Bushido is comprised of seven Virtues: Courage, Compassion, Courtesy, Duty, Honesty, Honor, and Sincerity. These virtues are held to represent the proper way in which samurai should live and serve their lords. In its ideal form, Bushido values each of these virtues equally, and a samurai is expected to adhere to all of them with equal vehemence. In practice, however, few samurai can live such spotless lives. Moreover, every clan in Rokugan views Bushido in a slightly different way, according to their respective views of duty, honor, and life. The true nature of Bushido is constantly debated within the courts of Rokugan, and the true way to uphold its Virtues is seldom fully agreed upon even within the same clan. Every clan, even the Scorpion, has its idealists who try to uphold ever Virtue no matter the cost, just as every clan, even the Lion, contains a few dark souls who laugh at Bushido and flout its principles.
“Through intense training the samurai becomes quick and strong. He is not as other men. He develops a power that must be used for the good of all. He has compassion. He helps his fellow men at every opportunity. If an opportunity does not arise, he goes out of his way to find one.”
Compassion teaches samurai that, as the warrior elite of society, it is their duty to protect and guide the lesser folk of Rokugan. In its most obvious form, this means offering military protection, guarding the commoners against bandits, criminals, foreigners, and monsters of the Shadowlands. It is this form of Compassion which is most widely respected and revered in Rokugan, for even clans like the Lion and Scorpion recognize the importance of keeping their peasants alive and productive. Bullying or abusing those of lower station is an act unworthy of a samurai, even if the social order allows it.
Some clans take Compassion more fully to heart, however, and seek to offer guidance and help to the lower castes. The Phoenix, for example, are known for educating their peasants in the ways of the Tao, seeing this spiritual support as being just as important as physical protection.
“Rise up above the masses of people who are afraid to act. Hiding like a turtle in a shell is not living at all. A samurai must have heroic courage. It is absolutely risky. It is dangerous. It is living life completely, fully, wonderfully. Heroic courage is not blind. It is intelligent and strong. Replace fear with respect and caution.”

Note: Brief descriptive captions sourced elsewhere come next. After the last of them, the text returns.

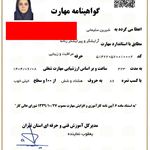 مدرک فنی و حرفه ای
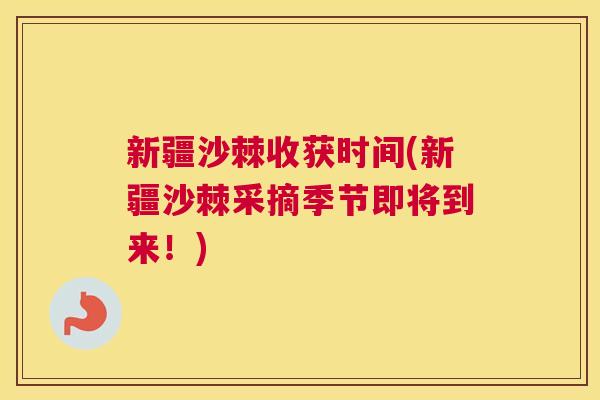 新疆沙棘收获时间(新疆沙棘采摘季节即将到来！)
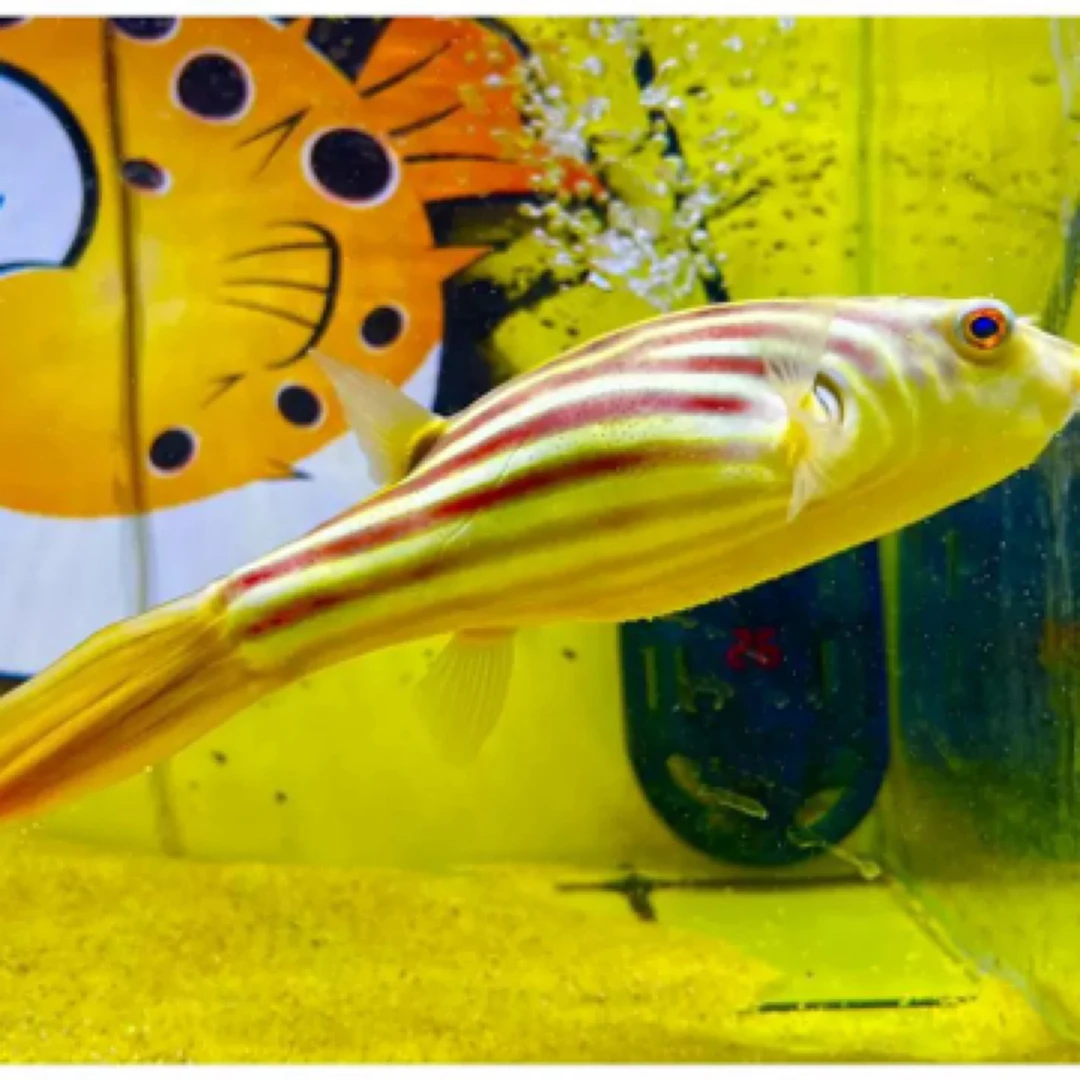 斑马狗头狗头热带鱼活体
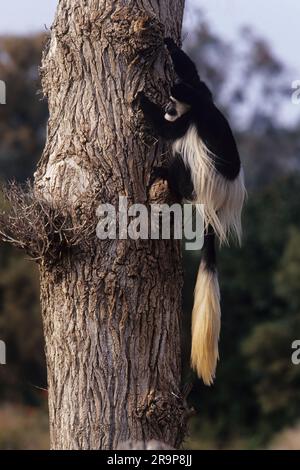 Der Angola colobus (Colobus angolensis), der angolanische schwarz-weiße Colobus oder der angolanische Colobus ist eine Primatenart des Affen der Alten Welt, die zur gehört Stockfoto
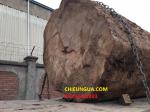 Phản gỗ|Phản gỗ gõ đỏ _ PGD008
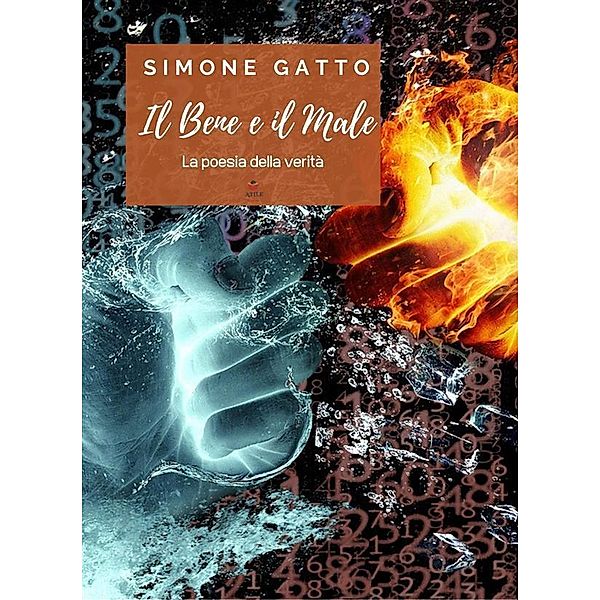 Il Bene e il Male, Simone Gatto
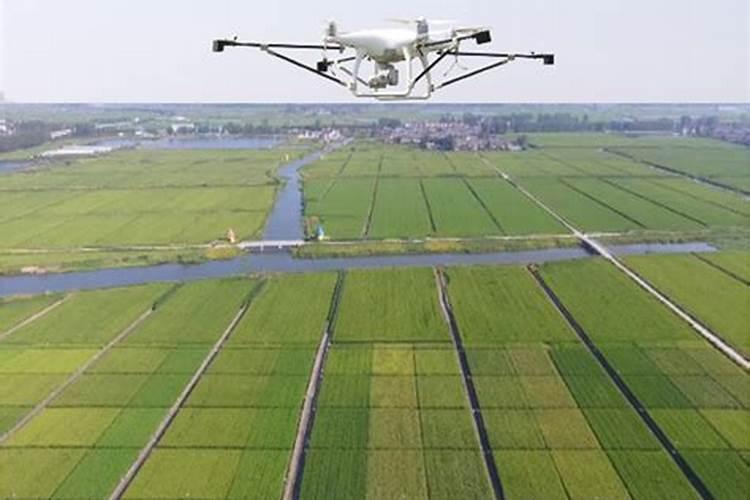 绿植物肥料有哪些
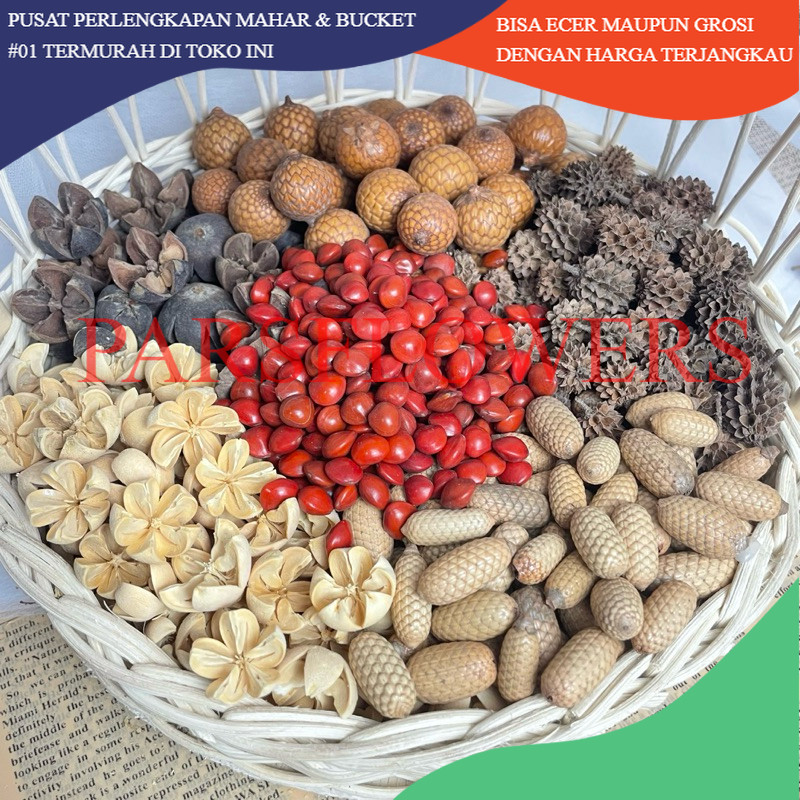 

1 PACK BIJI BIJIAN BAHAN KERAJINAN BAHAN MAHAR PROPERTI FOTO PROPERTI FOTOGRAFI DEKORASI HIASAN RUSTIC RUSTIK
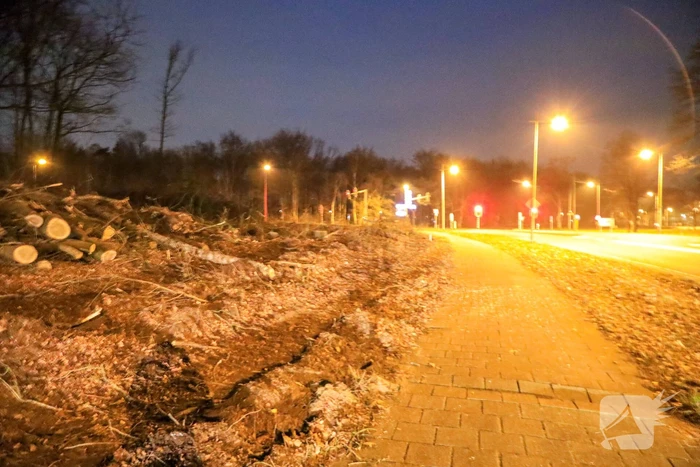 Wederom beveiliging van machines bomenkap Westelijke Ontsluiting (Amersfoort)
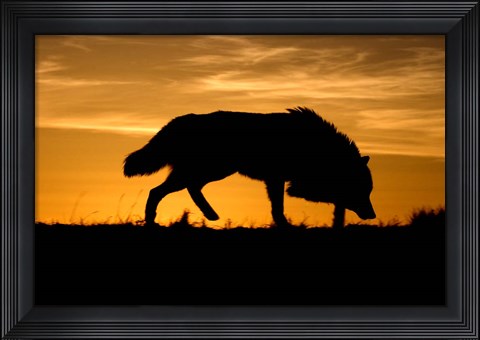 Framed Sunset Wolf Print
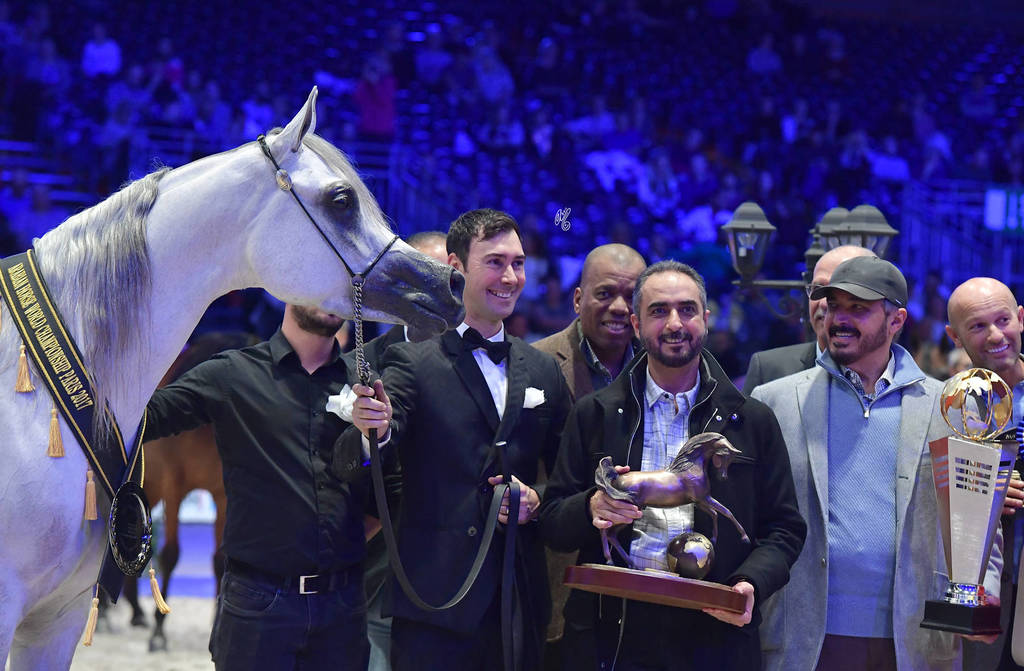 Gold Champion Junior Female: Mozn Albidayer (SMA Magic One X Mattahari) 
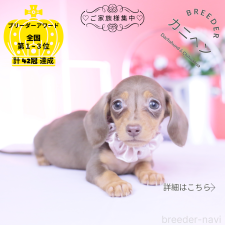 ♀︎カニンヘンダックスフンド(スムースヘアード)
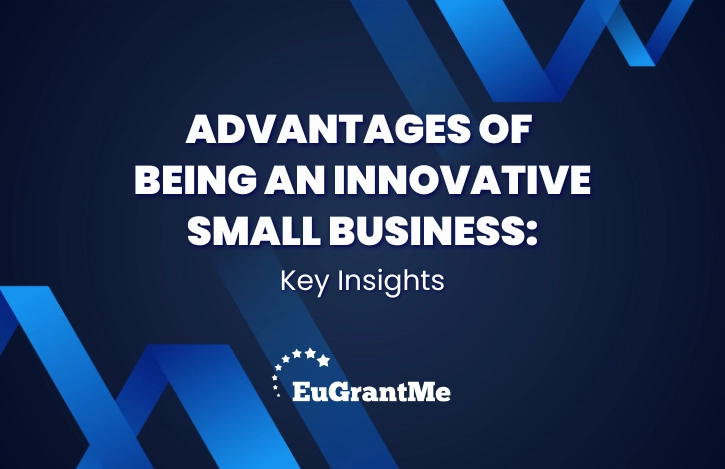 Advantages of Being an Innovative Small Business: Key Insights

Courage is in many ways the most basic and universal of all the Bushido virtues, since every samurai is expected to be ready and able to die at a moment’s notice. The central importance of courage to a samurai’s life cannot be understated. A samurai must be prepared to fight and die without hesitation, whether at his lord’s command or simply due to unavoidable circumstances. Indeed, it is popular to say that a samurai lives at all times three feet from death, since that is the reach of a katana. Naturally, the warlike clans such as the Lion, Crab, and Unicorn tend to speak most often of courage – especially the Crab, who must face the unimaginable terrors of the Shadowlands on a daily basis. But in truth there is no clan which ignores courage. Even the Scorpion, notorious for their contempt for Bushido, recognize that courage is important if their samurai are to fulfill their duties properly (though to be sure, the Scorpion are far more willing to retreat from a hopeless battle than most other samurai would be.)
It should be noted that, just as Akodo pointed out in his final line, courage does not mean foolhardiness. After all, a samurai’s life belongs to his lord, not to him. A samurai who throws his life away in a useless and selfish gesture is not behaving honorably, but rather is failing in his duty to lord and clan. Indeed, the Crab would be the first to point out that there are many times when retreating from a fight requires more courage than merely staying and dying.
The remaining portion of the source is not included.